## SemEval16: Dataset Preprocessing 

- Author: Nana
- Created: 2022.07.21
---
- Goal: preprocess the data to fit the format provided by semEval 2022.
- Source data: SemEval 2016 Task 5 Restaurant datasets 
- XML to JSON


In [111]:
datadir = '../../semEval16/data'
import os, sys
queue = []
for file in os.listdir(datadir):
    if file.endswith('.xml'):
        queue.append(file)
queue

['EN_REST_SB1_TEST-gold.xml',
 'EN_REST_SB1_TEST-B.xml',
 'ABSA16_Restaurants_Train_SB1_v2.xml',
 'EN_REST_SB1_TEST-A.xml']

### XML structure 

In [47]:
from xml.etree import ElementTree as ET

filename = f'{datadir}/{queue[0]}'
tree = ET.parse(filename)
root = tree.getroot()
print(root.tag)
for review in root:
    print(review.tag, review.attrib)
    sentences = review.find('sentences')
    for sentence in sentences.findall('sentence'):
        print(sentence.attrib)
        senttext = sentence.find('text')
        opinions = sentence.find('Opinions')
        print(senttext.text)
        opinions = opinions.findall('Opinion')
        print(opinions[0].attrib)  
    break 

Reviews
Review {'rid': 'en_BlueRibbonSushi_478218171'}
{'id': 'en_BlueRibbonSushi_478218171:0'}
Yum!
{'target': 'NULL', 'category': 'FOOD#QUALITY', 'polarity': 'positive', 'from': '0', 'to': '0'}
{'id': 'en_BlueRibbonSushi_478218171:1'}
Serves really good sushi.
{'target': 'sushi', 'category': 'FOOD#QUALITY', 'polarity': 'positive', 'from': '19', 'to': '24'}
{'id': 'en_BlueRibbonSushi_478218171:2'}
Not the biggest portions but adequate.
{'target': 'portions', 'category': 'FOOD#STYLE_OPTIONS', 'polarity': 'neutral', 'from': '16', 'to': '24'}
{'id': 'en_BlueRibbonSushi_478218171:3'}
Green Tea creme brulee is a must!
{'target': 'Green Tea creme brulee', 'category': 'FOOD#QUALITY', 'polarity': 'positive', 'from': '0', 'to': '22'}
{'id': 'en_BlueRibbonSushi_478218171:4'}
Don't leave the restaurant without it.
{'target': 'NULL', 'category': 'FOOD#QUALITY', 'polarity': 'positive', 'from': '0', 'to': '0'}


### SemEval 2022 Data Structure

In [87]:
class structs:
    def ReviewDict():
        return {
            'review_id':'', # extra, to keep the review-sentences structure in SemEval 2016 
            'sent_id': '',
            'text':'',
            'opinions':[]
        }
    def OpnDict():
        return {
        'Source':[[],[]],
        'Target':[[],[]],
        'Polar_expression':[[],[]],
        'Polarity':'',
        'Intensity':'',
        'Category': '', # extra, to keep the gold label of category in SemEval 2016 
    }

### Conversion Function

In [109]:
from xml.etree import ElementTree as ET
import json 

In [124]:
def xml2JSON(filename):
    tree = ET.parse(filename)
    root = tree.getroot()
    print(root.tag)
    REVIEWS = []
    for review in root:
        # print(review.tag, review.attrib['rid'])

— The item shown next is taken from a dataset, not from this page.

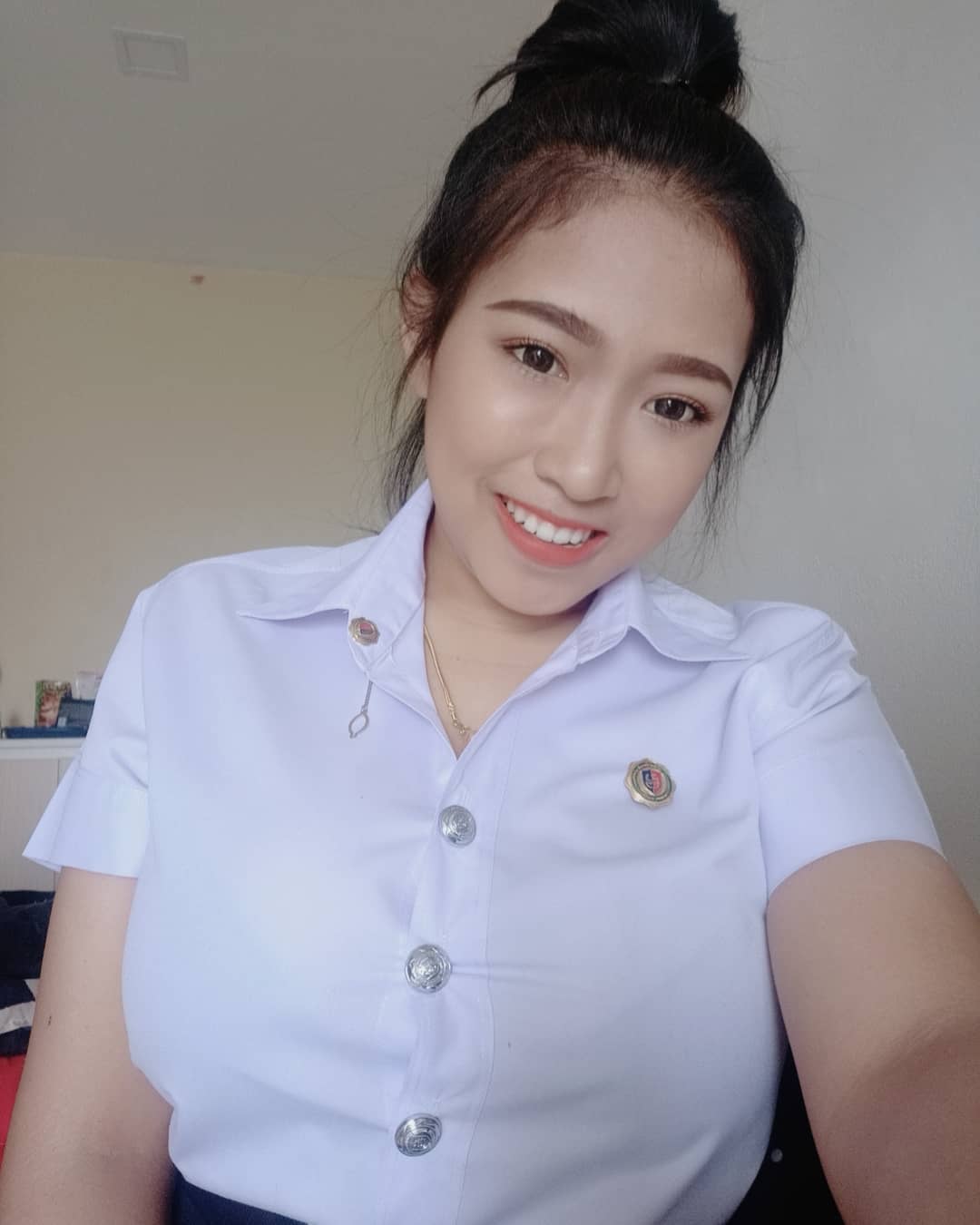 露出渾圓北半球 超深乳溝傾國傾城迷倒所有人-第1章-图片16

        sentences = review.find('sentences')

        for sentence in sentences.findall('sentence'):
            # print('==initializing ReviewDict==')
            RD = structs.ReviewDict()
            RD['review_id'] = review.attrib['rid']
            RD['sent_id'] = sentence.attrib['id']
            RD['text'] = sentence.find('text').text

            opinions = sentence.find('Opinions')
            if opinions: 
                opinions = opinions.findall('Opinion')
                for op in opinions:
                    op = op.attrib
                    OPD = structs.OpnDict()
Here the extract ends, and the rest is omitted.